* **Exercise details**
Return each line of the data below exactly, omitting any pictures.

* **Recorded information**

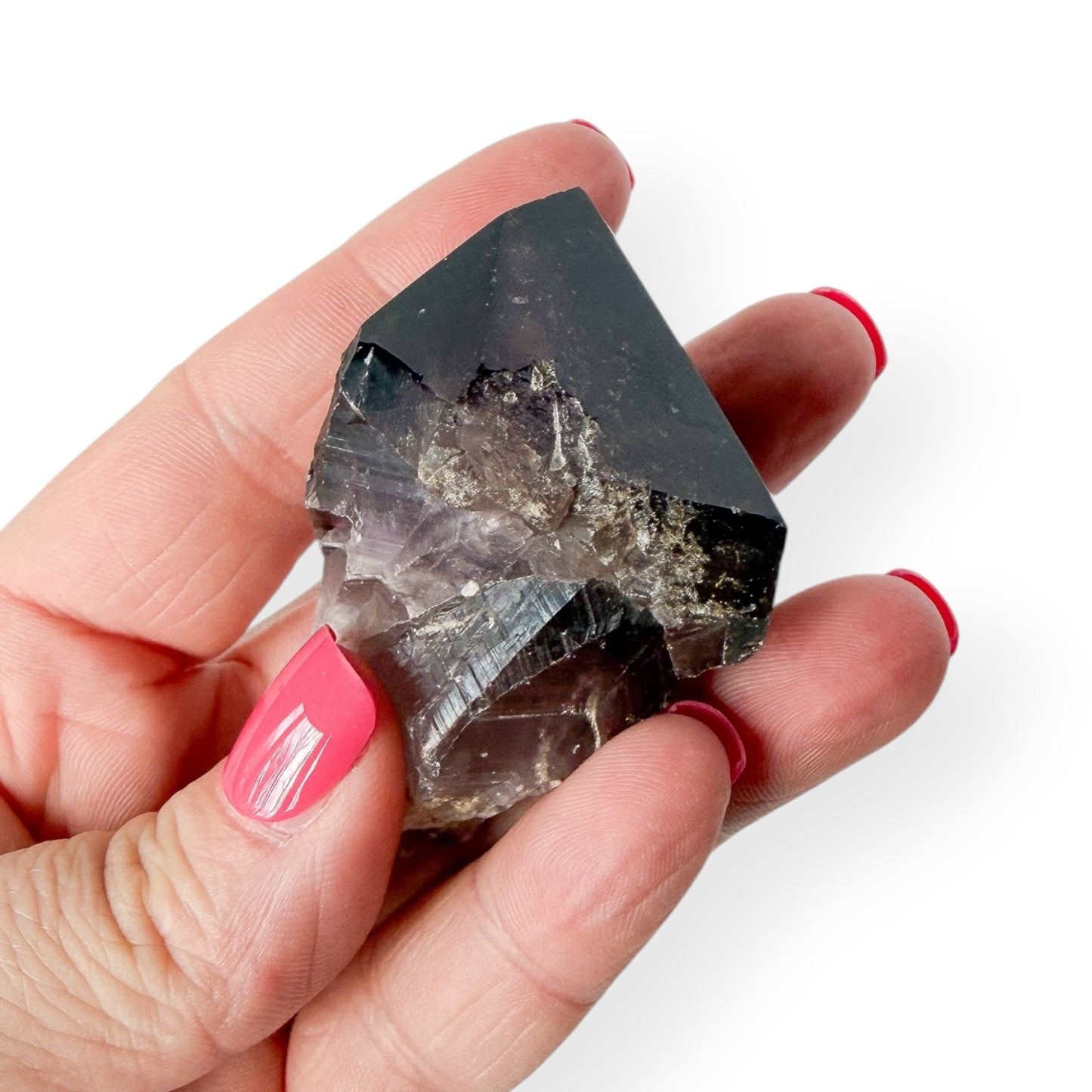 Purple Chevron Amethyst Point in hand showing details and size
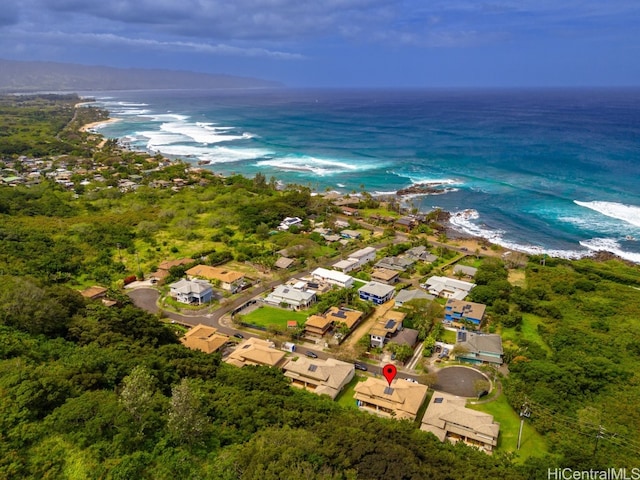 bird's eye view with a water view and a view of the beach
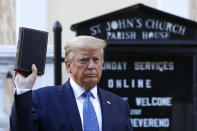 FILE - In this Monday, June 1, 2020 file photo, President Donald Trump holds a Bible as he visits outside St. John's Church across Lafayette Park from the White House in Washington. Part of the church was set on fire during protests the previous night. (AP Photo/Patrick Semansky)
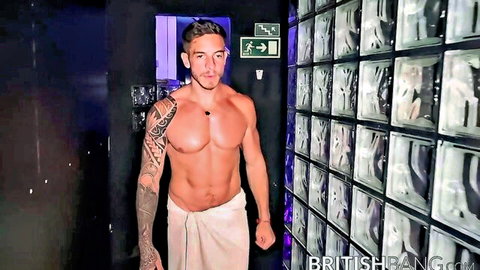 Muscular tattooed hunk in white towel teasing in locker room with ripped abs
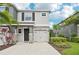 Two-story home featuring a stone-accented facade, attached garage, and well-maintained landscaping at 8661 Daydream St, Sarasota, FL 34238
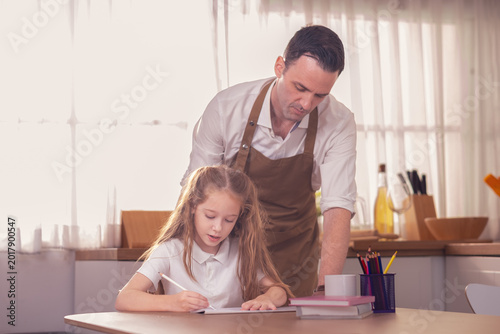 Daughter Sitting At Table Doing Homework As Father Cooks Meal. Father teach little girl how to draw the artwork while cooking dinner in a kitchen.
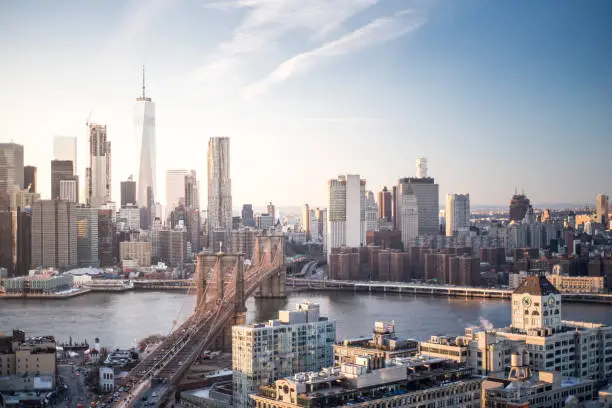 Photo of Skyline New York City Manhattan and Brooklyn Bridge At Sunset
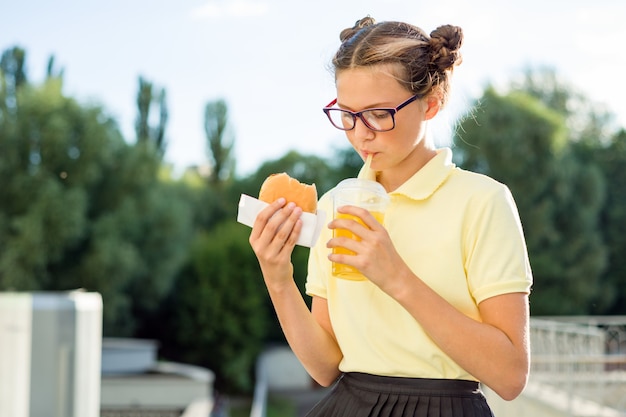 Girl eats sandwich and drinks orange juice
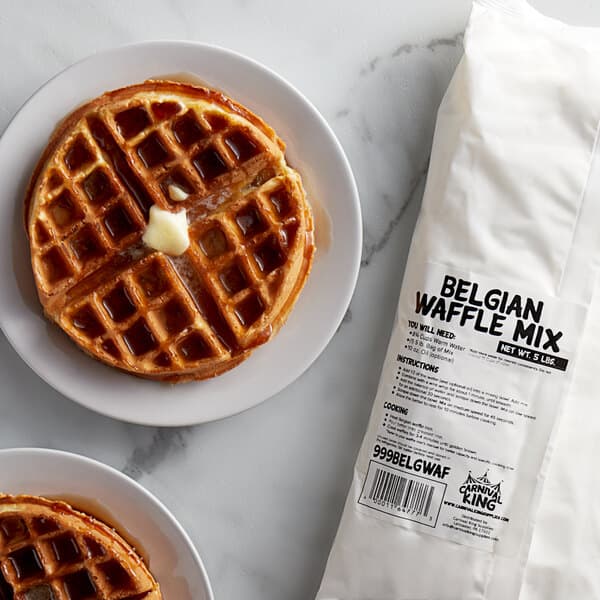 Two waffles on a plate with syrup and butter next to a bag of Carnival King Belgian Waffle Mix.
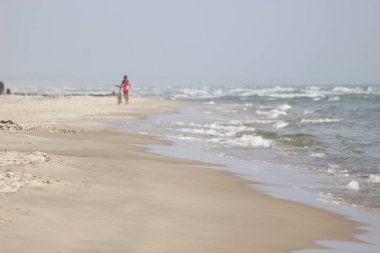Bir kız plaj boyunca bir bisikletin yanına gider denizin arka planına karşı. Uzakta, bir kadın deniz sahilinin temiz havasında yürür..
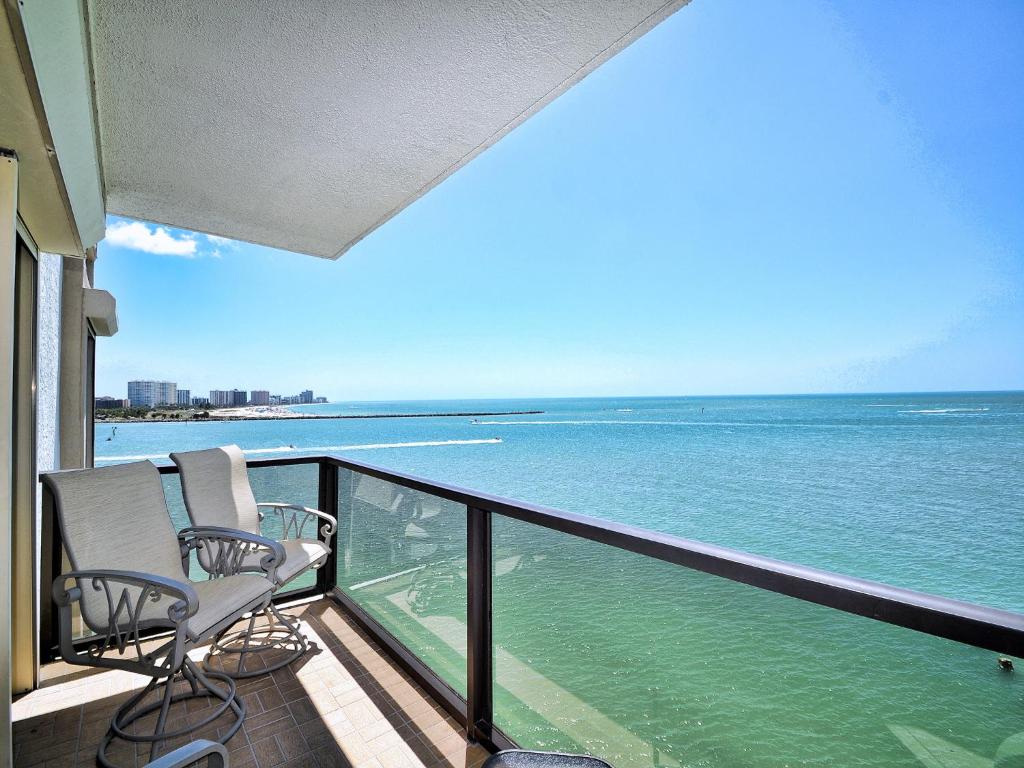 uma varanda com 2 cadeiras e vista para o oceano em 440 West 607N 6th Floor 440 West Condo with Stunning Water View. 23148 em Clearwater Beach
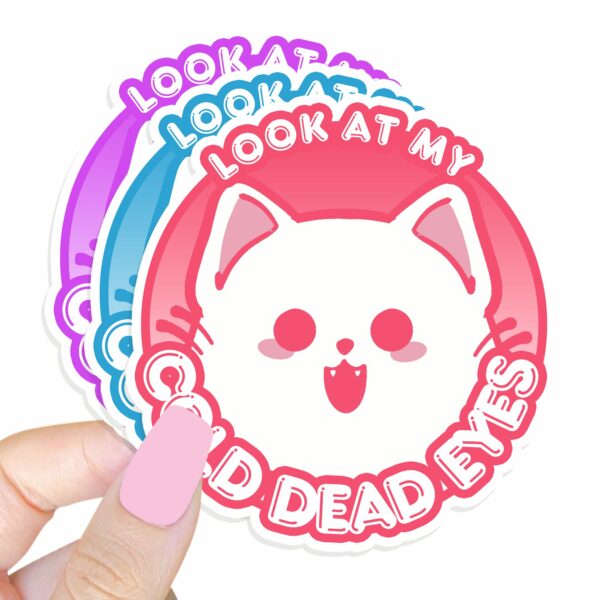 This image shows our adorable sticker finishes, Look At My Cold Dead Eyes Cat Sticker, which is available to purchase from HunnieByte.com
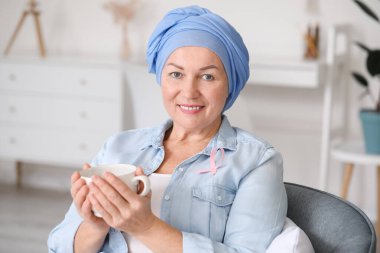 Kemoterapiden sonra evde çay içen olgun bir kadın.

* **Reply to the exercise**
 Purple Chevron Amethyst Point in hand showing details and size
 bird's eye view with a water view and a view of the beach
 FILE - In this Monday, June 1, 2020 file photo, President Donald Trump holds a Bible as he visits outside St. John's Church across Lafayette Park from the White House in Washington. Part of the church was set on fire during protests the previous night. (AP Photo/Patrick Semansky)
 Muscular tattooed hunk in white towel teasing in locker room with ripped abs
 Two-story home featuring a stone-accented facade, attached garage, and well-maintained landscaping at 8661 Daydream St, Sarasota, FL 34238
 Daughter Sitting At Table Doing Homework As Father Cooks Meal. Father teach little girl how to draw the artwork while cooking dinner in a kitchen.
 Photo of Skyline New York City Manhattan and Brooklyn Bridge At Sunset
 Girl eats sandwich and drinks orange juice
 Two waffles on a plate with syrup and butter next to a bag of Carnival King Belgian Waffle Mix.
Bir kız plaj boyunca bir bisikletin yanına gider denizin arka planına karşı. Uzakta, bir kadın deniz sahilinin temiz havasında yürür..
 uma varanda com 2 cadeiras e vista para o oceano em 440 West 607N 6th Floor 440 West Condo with Stunning Water View. 23148 em Clearwater Beach
 This image shows our adorable sticker finishes, Look At My Cold Dead Eyes Cat Sticker, which is available to purchase from HunnieByte.com
 Kemoterapiden sonra evde çay içen olgun bir kadın.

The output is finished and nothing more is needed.